Trans wrote:
> On Mar 22, 6:00 am, Clifford Heath <n... / spam.please.net> wrote:
>> Your analysis is well-meaning, but flawed.
> General compression is all about removing repetition.

This is a very concise statement about what's flawed in your analysis.
It's not just about repetition, it's about removing *whatever* is
predictable. All's fair when it comes to improving predictability.
If I cared enough to write a compressor that could recognise
Somerset Maugham's writing style and vocabulary, it could adapt
its general compression algorithm to that style and compress it
better.
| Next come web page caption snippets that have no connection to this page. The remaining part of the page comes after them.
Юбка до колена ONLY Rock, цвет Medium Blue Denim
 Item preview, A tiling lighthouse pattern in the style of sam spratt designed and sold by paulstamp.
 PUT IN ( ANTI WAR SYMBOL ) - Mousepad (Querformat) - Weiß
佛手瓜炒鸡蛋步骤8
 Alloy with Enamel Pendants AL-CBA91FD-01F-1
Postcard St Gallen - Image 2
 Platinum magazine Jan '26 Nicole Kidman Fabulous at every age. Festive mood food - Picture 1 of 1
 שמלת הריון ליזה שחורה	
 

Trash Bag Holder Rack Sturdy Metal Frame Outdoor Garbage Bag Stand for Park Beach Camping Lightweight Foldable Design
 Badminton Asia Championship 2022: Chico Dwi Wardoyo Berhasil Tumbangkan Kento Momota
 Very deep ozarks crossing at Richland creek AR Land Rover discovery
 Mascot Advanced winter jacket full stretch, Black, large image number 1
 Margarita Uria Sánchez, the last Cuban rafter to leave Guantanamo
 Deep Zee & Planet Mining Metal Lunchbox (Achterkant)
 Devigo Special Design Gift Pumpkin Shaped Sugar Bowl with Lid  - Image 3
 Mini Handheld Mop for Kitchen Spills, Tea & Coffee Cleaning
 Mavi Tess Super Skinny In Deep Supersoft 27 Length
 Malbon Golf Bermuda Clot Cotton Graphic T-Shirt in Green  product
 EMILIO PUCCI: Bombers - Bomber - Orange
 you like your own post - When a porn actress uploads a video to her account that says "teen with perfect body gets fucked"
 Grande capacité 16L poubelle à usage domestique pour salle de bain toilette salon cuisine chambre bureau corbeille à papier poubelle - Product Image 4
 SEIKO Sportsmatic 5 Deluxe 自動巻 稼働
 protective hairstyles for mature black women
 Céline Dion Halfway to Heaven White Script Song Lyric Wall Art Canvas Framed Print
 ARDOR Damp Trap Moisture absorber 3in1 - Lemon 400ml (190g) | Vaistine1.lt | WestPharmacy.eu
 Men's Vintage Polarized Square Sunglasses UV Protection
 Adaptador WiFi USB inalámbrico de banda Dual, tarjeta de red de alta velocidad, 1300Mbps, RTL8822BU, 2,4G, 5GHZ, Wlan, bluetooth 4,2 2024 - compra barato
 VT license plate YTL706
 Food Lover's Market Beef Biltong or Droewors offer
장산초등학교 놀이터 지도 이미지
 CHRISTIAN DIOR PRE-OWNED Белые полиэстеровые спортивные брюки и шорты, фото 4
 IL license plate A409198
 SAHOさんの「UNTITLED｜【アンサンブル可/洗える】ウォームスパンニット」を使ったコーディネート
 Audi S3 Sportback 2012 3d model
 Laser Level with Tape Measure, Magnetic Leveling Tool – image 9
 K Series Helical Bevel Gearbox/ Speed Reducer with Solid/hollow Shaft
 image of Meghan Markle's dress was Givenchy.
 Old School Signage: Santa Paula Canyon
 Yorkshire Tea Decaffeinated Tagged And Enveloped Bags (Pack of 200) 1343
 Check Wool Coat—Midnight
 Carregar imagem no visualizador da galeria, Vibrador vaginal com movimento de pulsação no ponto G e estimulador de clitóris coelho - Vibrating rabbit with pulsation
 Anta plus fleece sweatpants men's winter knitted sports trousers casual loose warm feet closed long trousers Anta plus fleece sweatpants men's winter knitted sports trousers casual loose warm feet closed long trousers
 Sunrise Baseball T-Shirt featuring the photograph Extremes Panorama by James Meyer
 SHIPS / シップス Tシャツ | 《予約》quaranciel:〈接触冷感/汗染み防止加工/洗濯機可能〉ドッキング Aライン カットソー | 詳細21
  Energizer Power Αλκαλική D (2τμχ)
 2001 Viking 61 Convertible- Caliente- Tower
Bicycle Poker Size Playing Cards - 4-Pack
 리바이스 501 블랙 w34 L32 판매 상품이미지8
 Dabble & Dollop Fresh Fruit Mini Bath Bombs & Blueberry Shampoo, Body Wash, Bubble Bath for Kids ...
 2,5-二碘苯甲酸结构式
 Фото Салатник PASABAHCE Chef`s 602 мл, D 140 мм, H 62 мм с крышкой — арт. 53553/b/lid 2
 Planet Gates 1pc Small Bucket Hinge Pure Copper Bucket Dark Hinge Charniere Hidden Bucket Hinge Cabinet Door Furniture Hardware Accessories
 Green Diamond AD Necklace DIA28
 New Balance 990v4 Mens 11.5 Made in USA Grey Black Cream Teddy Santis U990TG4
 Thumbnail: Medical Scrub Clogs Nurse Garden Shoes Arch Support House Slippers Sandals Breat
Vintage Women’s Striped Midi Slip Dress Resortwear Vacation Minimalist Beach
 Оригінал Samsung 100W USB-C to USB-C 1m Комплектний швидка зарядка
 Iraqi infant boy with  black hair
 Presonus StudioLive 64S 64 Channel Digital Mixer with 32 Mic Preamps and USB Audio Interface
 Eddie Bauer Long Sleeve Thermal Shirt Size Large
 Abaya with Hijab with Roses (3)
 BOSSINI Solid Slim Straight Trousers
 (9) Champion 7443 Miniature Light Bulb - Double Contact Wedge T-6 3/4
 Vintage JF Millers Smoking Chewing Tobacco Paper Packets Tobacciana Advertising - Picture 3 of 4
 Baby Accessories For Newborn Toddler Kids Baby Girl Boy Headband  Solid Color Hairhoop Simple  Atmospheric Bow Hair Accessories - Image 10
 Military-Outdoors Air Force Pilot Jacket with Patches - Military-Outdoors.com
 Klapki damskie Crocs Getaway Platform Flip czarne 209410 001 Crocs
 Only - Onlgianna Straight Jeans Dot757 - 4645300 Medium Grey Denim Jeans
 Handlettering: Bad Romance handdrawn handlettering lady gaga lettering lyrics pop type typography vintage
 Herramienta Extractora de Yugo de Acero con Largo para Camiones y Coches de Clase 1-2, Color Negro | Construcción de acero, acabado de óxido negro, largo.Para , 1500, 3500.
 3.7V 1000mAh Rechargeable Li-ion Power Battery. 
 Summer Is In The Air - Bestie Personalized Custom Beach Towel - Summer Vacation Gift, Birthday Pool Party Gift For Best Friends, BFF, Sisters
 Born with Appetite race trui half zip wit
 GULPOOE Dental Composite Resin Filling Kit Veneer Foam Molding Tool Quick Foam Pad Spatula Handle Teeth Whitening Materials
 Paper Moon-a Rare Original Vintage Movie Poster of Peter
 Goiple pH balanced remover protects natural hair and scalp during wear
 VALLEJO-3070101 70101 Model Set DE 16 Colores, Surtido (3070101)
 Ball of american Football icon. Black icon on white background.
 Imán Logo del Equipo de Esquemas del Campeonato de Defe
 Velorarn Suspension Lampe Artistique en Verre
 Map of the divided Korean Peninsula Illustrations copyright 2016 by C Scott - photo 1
Sure the decompressor has to know his style as well, but
that's allowed - it can be a general compressor with specific modes
(like video, i386 opcodes, etc, as I mentioned).

> Try assign a
> number to every word in the dictionary and "compress" a piece of text
> with it. It won't help.

Funny you should say that because I did that once, building a dictionary
of the King James Bible (10.5Kwords) and Huffman coding the words. It
worked very well, thanks very much. It was better than deflate for the
purpose because you can start decompressing anywhere (though that's not
relevant to overall compression goodness).

> "How it does it" is the interesting part. How does BWT improve
> deflate? Ie. What's that tell us about deflate?

It tells us that there's more to the compressing typical data sets
than simply identifying repetition - there is data that encodes
higher order patterns that are not directly visible as repetition,
but are visible to a better predictor.